Frustrated with the new shape of his old toy, Cat wriggles out of his sweater with the help of a branch. But, it's snowy and cold outside and once that sweater is off, Cat becomes aware of just how nicely it suited the purpose. He decides it's OK to be friends with Yarn in its new form.
Finally, Girl brings home several more colorful friends and the final image is one of Cat wearing not only his new sweater but a hat and booties. The expression on Cat's face is golden.
Highly recommended - There are few words in Cat Knit and simple but expressive illustrations of the cat. I loved it and I'm glad I happened across this book and bought it on a whim. It'll be a fun one to read to the grandkids when I see them again.
Writers and Lovers by Lily King is a book that I've been looking forward to reading since its release, mostly because I was so completely blown away by Euphoria. And, I liked it a lot but I didn't love it. Maybe my expectations were a little too high.
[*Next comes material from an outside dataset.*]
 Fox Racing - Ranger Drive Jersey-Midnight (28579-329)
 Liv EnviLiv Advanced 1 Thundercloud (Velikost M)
It's 1997. Casey has had a crushing experience with a lover and lost her mother. She has been working on a novel for years. To support her writing habit, she's living in a moldy garage apartment that used to be a potting shed and working as a waitress in a fancy restaurant. Casey begins dating two different men but each comes with his own complications.
I'm going to stop there. There are some other things going on, like the fact that Casey can't pay her bills even while living in a crappy little hovel, but I think it's worth saying what I liked and didn't like and leaving it at that.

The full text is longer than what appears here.